Document Type : Original research articles

Authors

1 Pediatrics Department, Faculty of Medicine, Sohag University, Sohag, Egypt.

2 Clinical Pathology Department, Faculty of Medicine, Sohag University, Sohag, Egypt

Abstract

Background: Children with type 1 diabetes mellitus (T1DM) are at risk of many infections, including Helicobacter pylori (H. pylori).
Objectives: To evaluate the frequency of H. pylori infection and its effect on glycemic control and insulin needs in children with T1DM.
Patients and methods: A case-control study including 40 children with T1DM and 40 non-diabetic control children. Clinical and demographic data and the presence of gastrointestinal symptoms were assessed in both groups. Data about the duration of diabetes, insulin doses, and glycemic control were collected in children with T1DM. The H. pylori antigen in stool, complete blood count, and glycated hemoglobin (HbA1c) levels were assessed in all the study participants.
Results: In children, T1DM was associated with a higher prevalence of H. pylori in stool samples compared to those without diabetes (32.5% vs. 10%, p = 0.01).
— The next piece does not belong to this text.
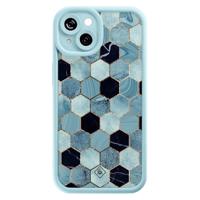iPhone 14 blauwe case - Blue cubes - thumbnail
Among children with T1DM, those with H. pylori in their stool had more gastrointestinal symptoms than those without (p < 0.001).  However, H. pylori status did not affect daily insulin dose, basal insulin dose, or HbA1c levels in children with T1DM (p = 0.97, 0.49, and 0.38, respectively).
Conclusion: Although H. pylori infection was more frequent among children with T1DM, it had no significant impact on the insulin requirement or the glycemic control. However, the frequencies of gastrointestinal symptoms were increased among T1DM children with positive H. pylori stool antigen.